■ **EXTRACTED DATA**:
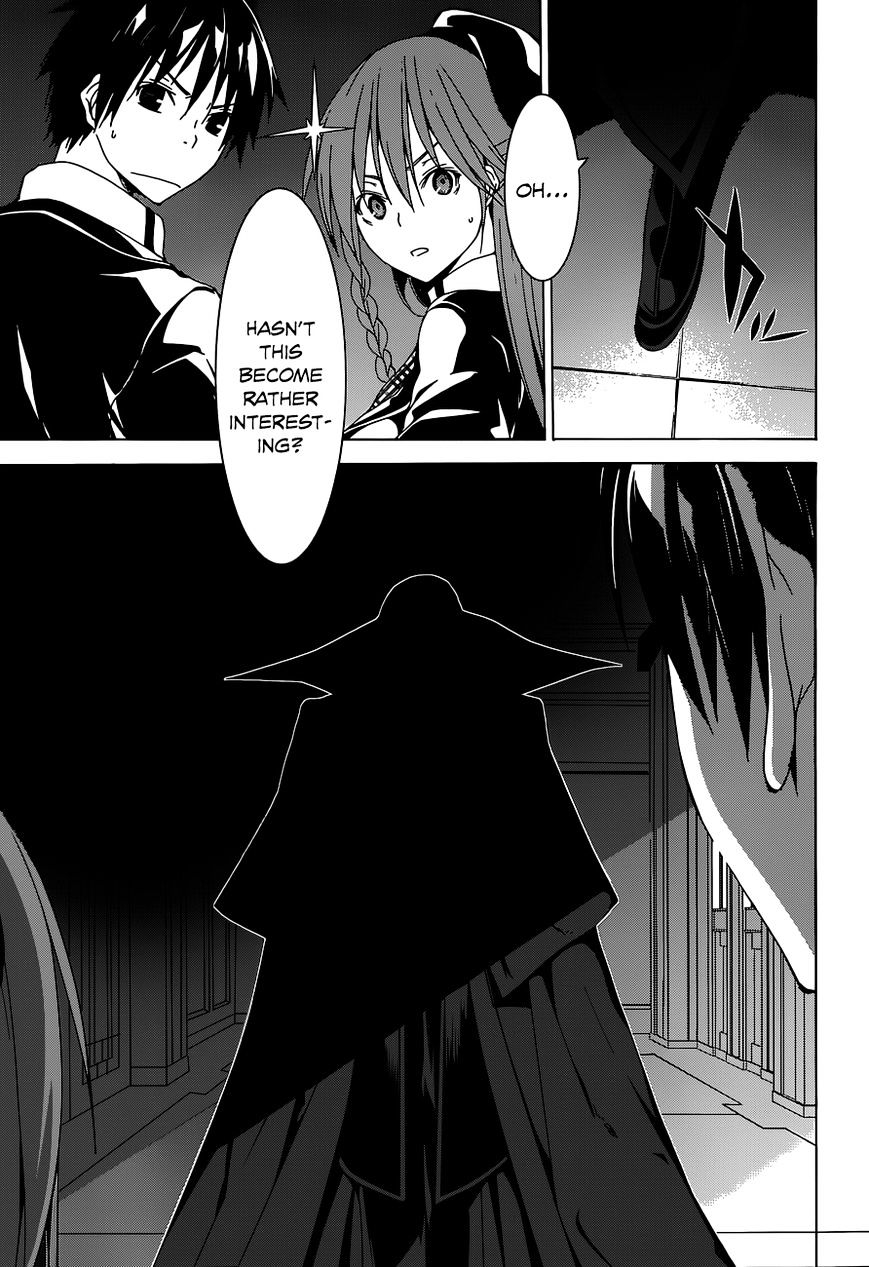 Page 39 of Chapter 43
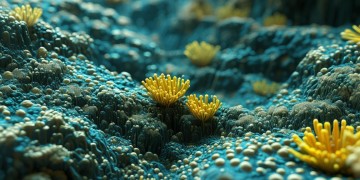 DNF手游中哪些材料可以继承到大号？
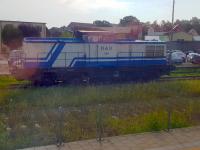 20240627_075815-b.jpg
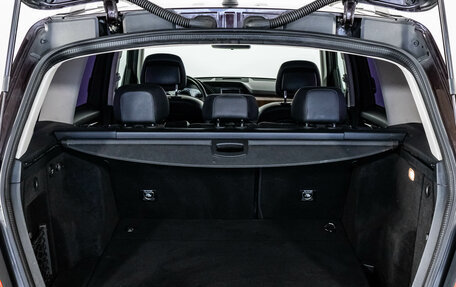 Mercedes-Benz GLK-Класс, 2012 год, 1 299 000 рублей, 23 фотография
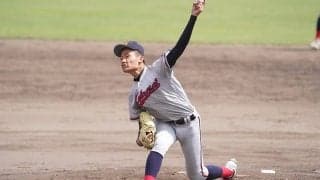 【高校野球】京都国際が選抜出場辞退　PCR検査で13人がコロナ陽性、補欠校の近江が繰り上げ出場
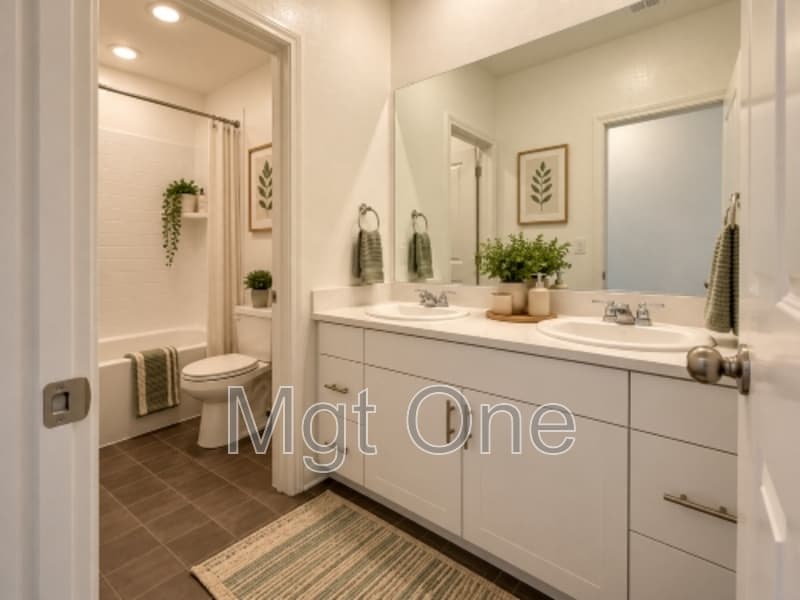Moreno Valley House: 24790 Lynx Avenue
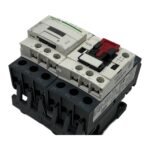 SCHNEIDER ELECTRIC LC2D32E7 - Image 2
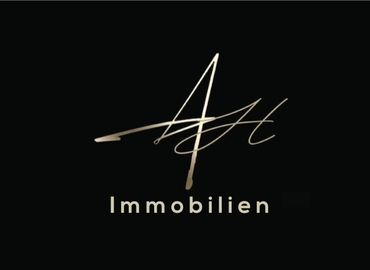 Virtual business address in Dortmund, Mallinckrodtstraße 185 (44147) - 1 | MatchOffice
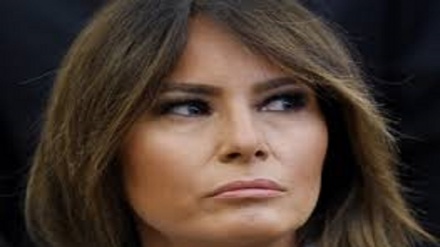 Guai per Trump: Melania pronta al divorzio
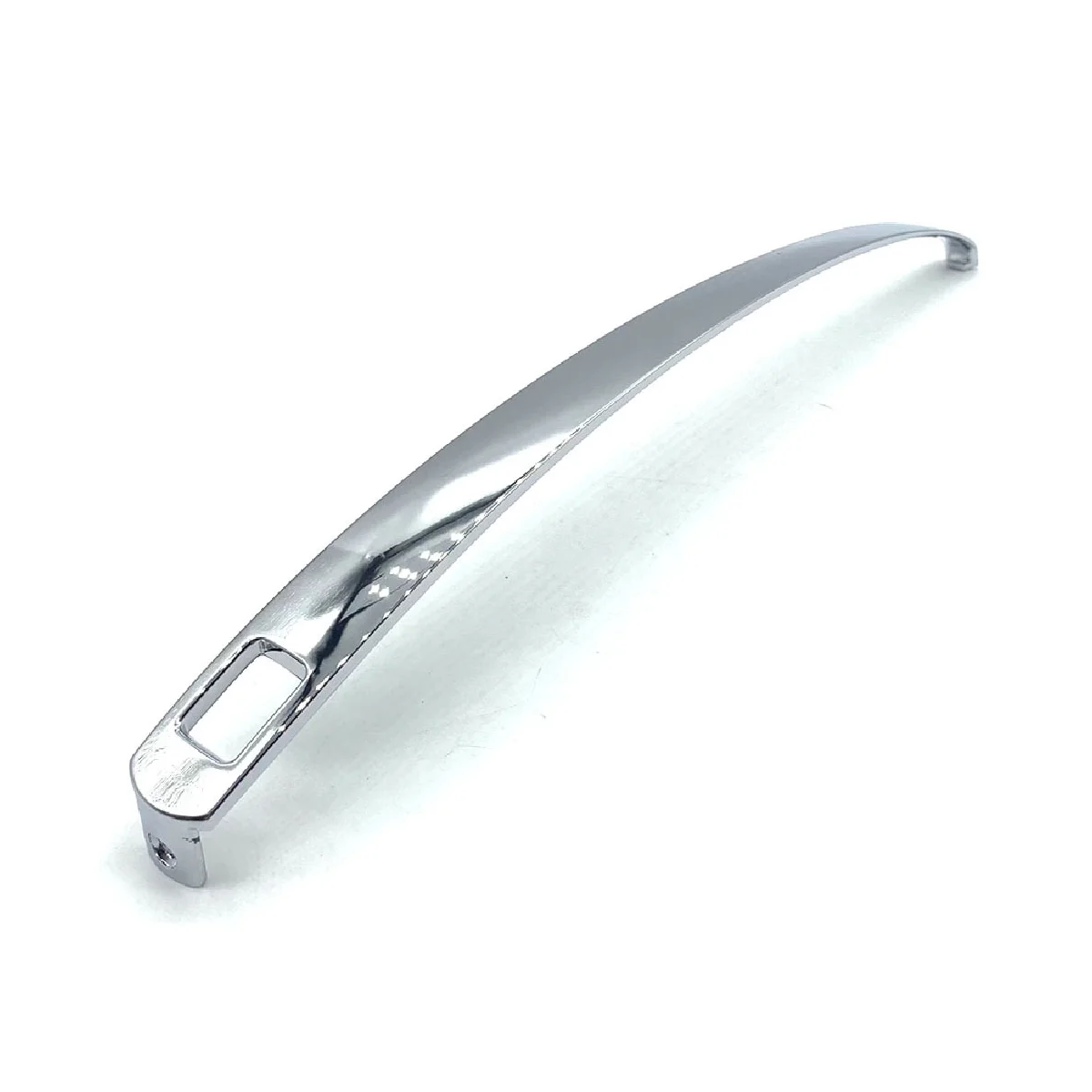 Хромированная дверная ручка для Gt 2004-2011 3W0837379A, автомобильные аксессуары
Хромированная дверная ручка для Gt 2004-2011 3W0837379A, автомобильные аксессуары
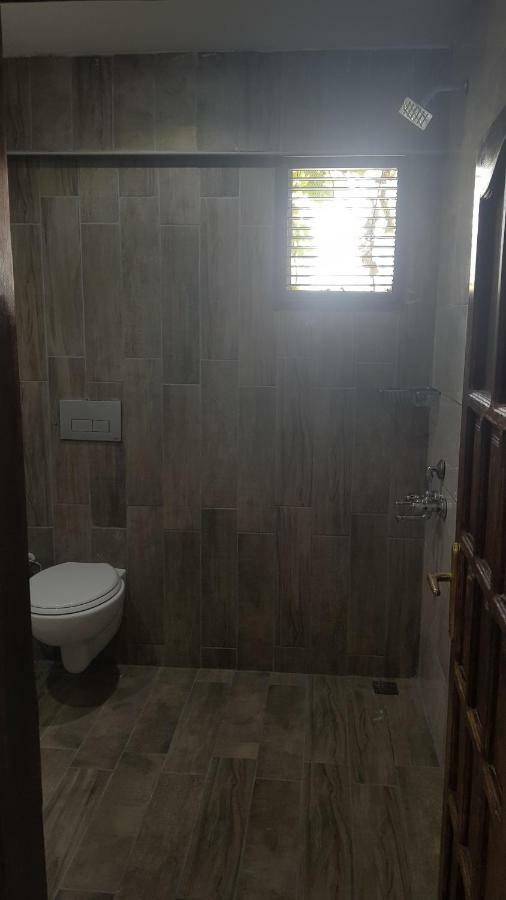 Poppy Apartments Fethiye Luaran gambar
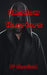 Shadow Warriors by P. F. Clayfield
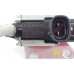 Válvula Solenoide Turbina L200 New Triton 2.4 2021 K5t46494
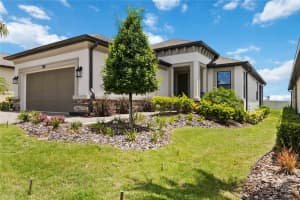 971 Braewood Dr, CLERMONT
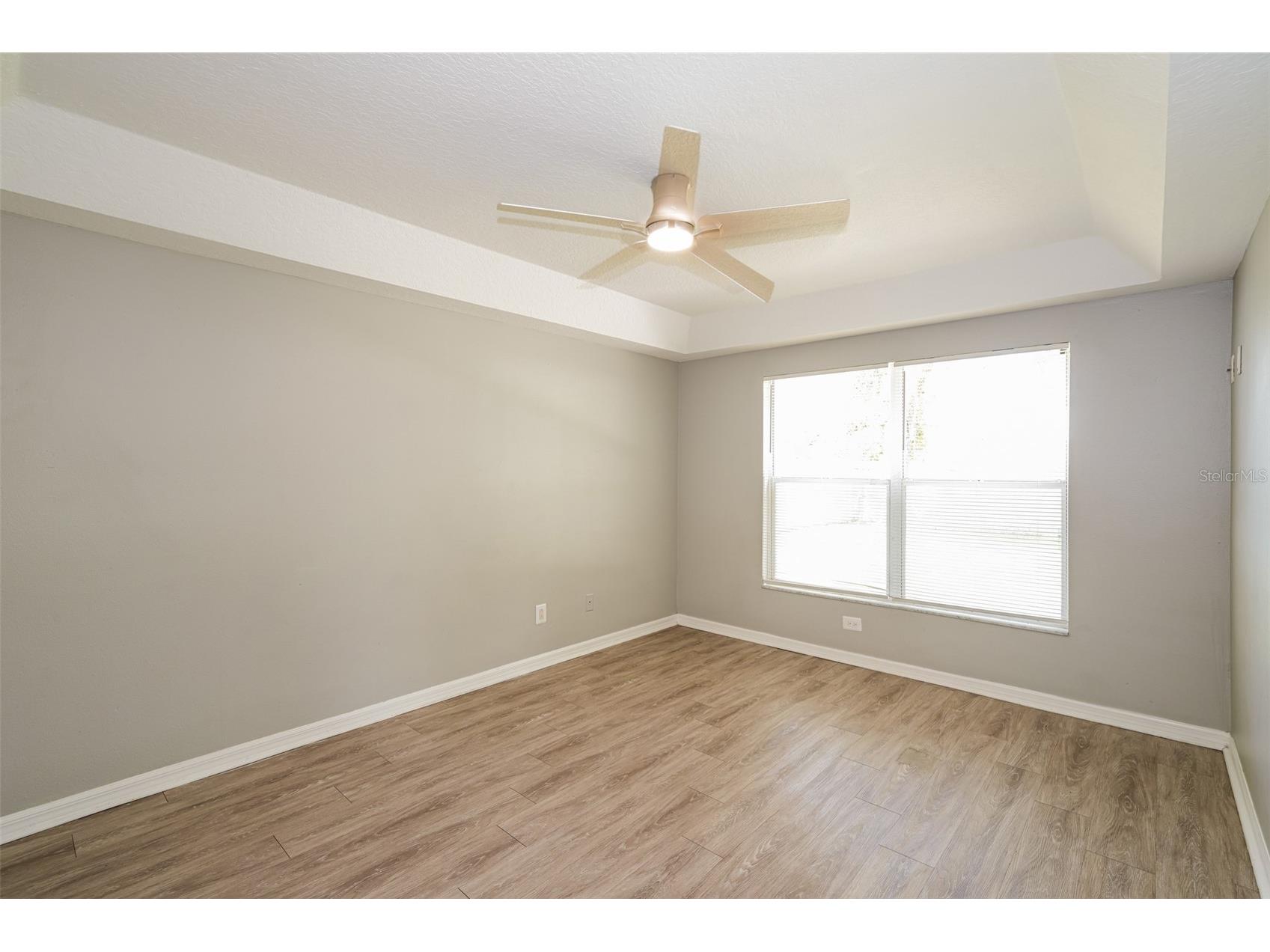 1648 Harbor Oaks Drive Tarpon Springs FL 34689 TB8507810 image15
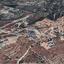 plot for sale lofou limassol 7939862 thumbnail 14129910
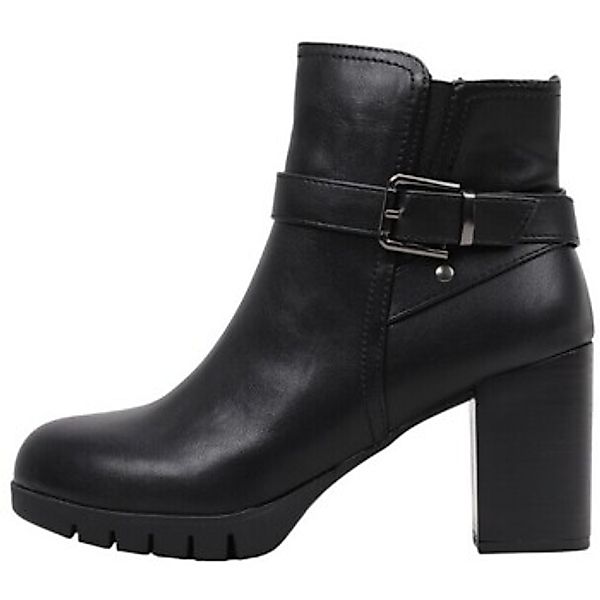 Limma  Stiefeletten COATLICUE günstig online kaufen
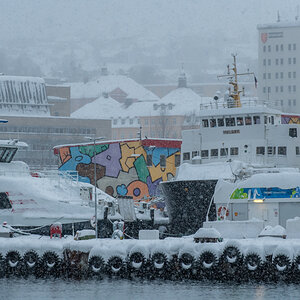 200206 Tromsø-55.jpg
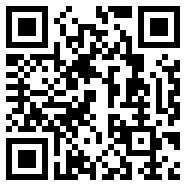 read修复工具下载白色版Web1破解安卓破解3G版可提版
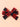224c1bd84d4a41c8a973f205816d70a5-Max-Origin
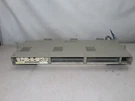 Hp E4588A E4568A Remote Access Processor (rap) Module. Fixed Price $50.00.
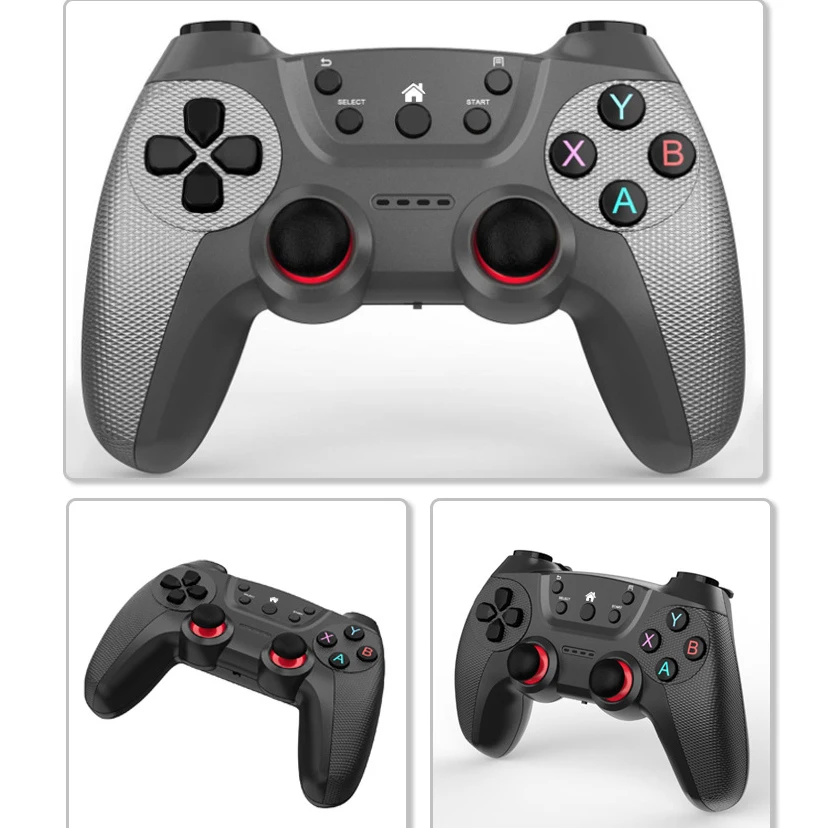 Wireless Gamepad Gaming Contro - Gaming Console For Smart Tv review and price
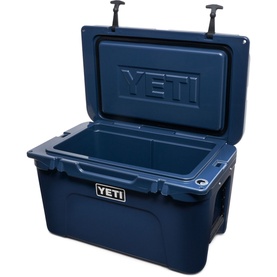 Cooler Tundra 45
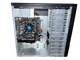 Системний блок i7-7700/16GB /GTX 1660 Super 6GB/SSD 512GB Б/B - Б/В - зображення 5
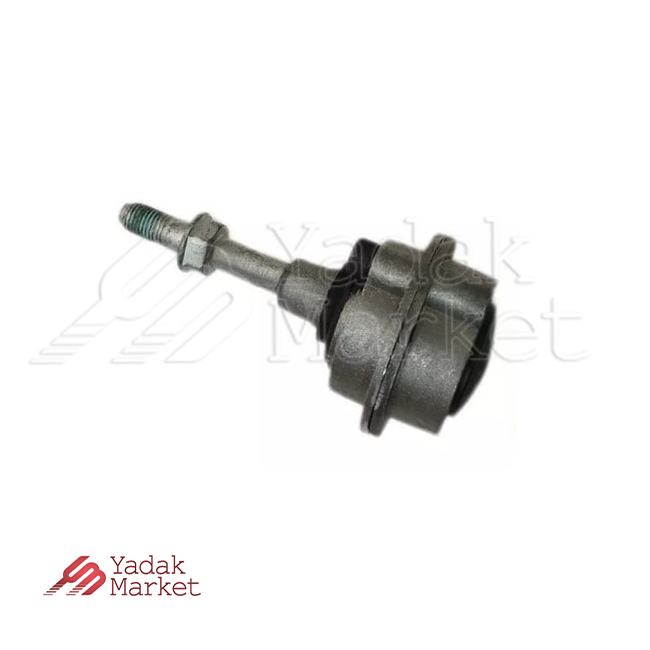 دمپر کالیپر عقب شرکتی ایساکو کد 1110103799 مناسب برای پژو پارس دمپر کالیپر عقب شرکتی ایساکو کد 1110103799 مناسب برای پژو پارس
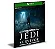 STAR WARS Jedi Survivor Xbox Series X|S  MÍDIA DIGITAL - Imagem 1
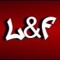 Lost&Found Promo [T.S.K]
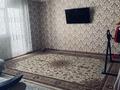 2-бөлмелі пәтер · 50 м² · 4/4 қабат, Көктем — Уй дәл улкен жолдың бойында..6шы 7ші мектептер жақын.Жанұя,Зиба супермаркет бар, бағасы: 11.5 млн ₸ в Жанаозен — фото 8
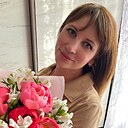 Наталья, 41 год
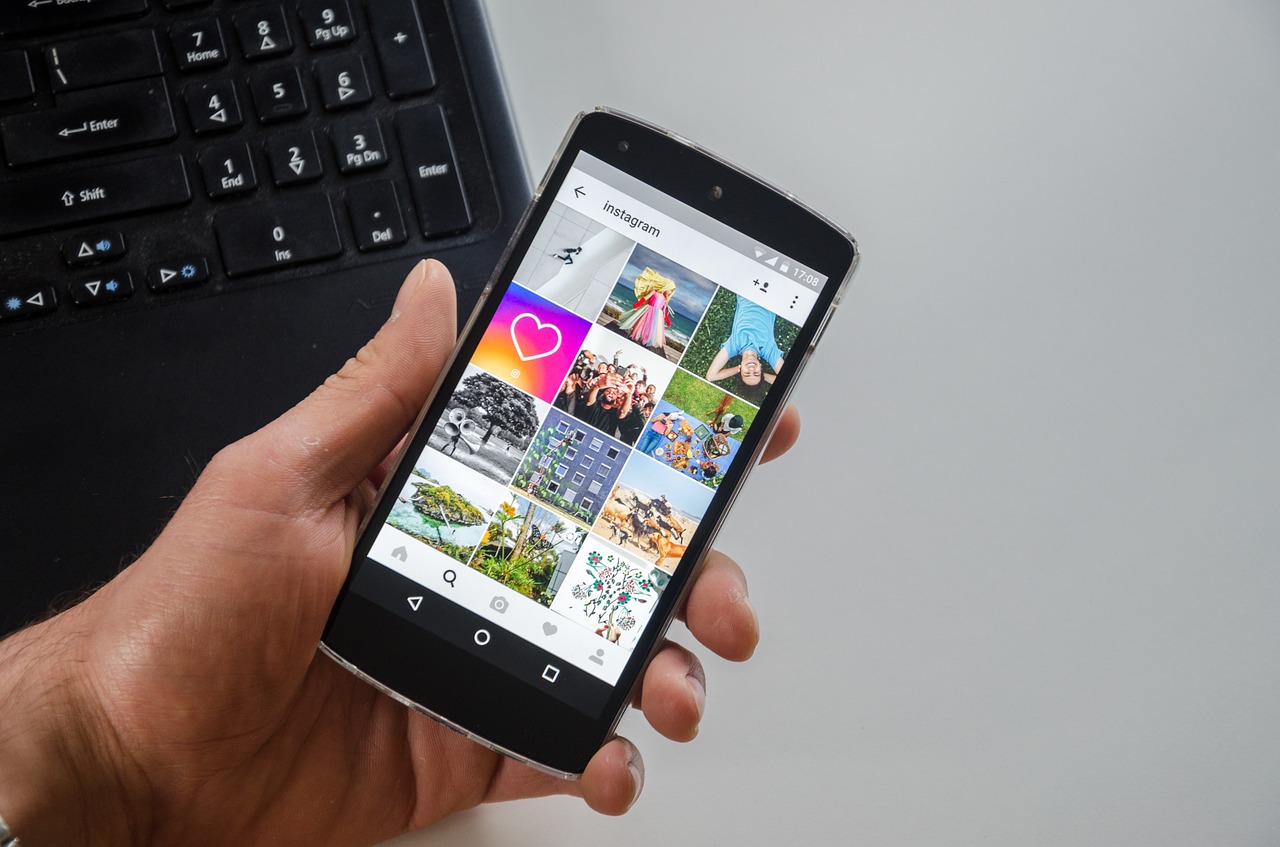 Aprende a liberar espacio en dispositivos Android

■ **TASK DETAILS**:
Print nothing but the lines above starting with the line that contains "plot for sale" and going on through the line that contains "Cooler Tundra 45". Leave out the pictures.

■ **TASK RESULT**:
 plot for sale lofou limassol 7939862 thumbnail 14129910
 Limma  Stiefeletten COATLICUE günstig online kaufen
 200206 Tromsø-55.jpg
 read修复工具下载白色版Web1破解安卓破解3G版可提版
224c1bd84d4a41c8a973f205816d70a5-Max-Origin
 Hp E4588A E4568A Remote Access Processor (rap) Module. Fixed Price $50.00.
 Wireless Gamepad Gaming Contro - Gaming Console For Smart Tv review and price
 Cooler Tundra 45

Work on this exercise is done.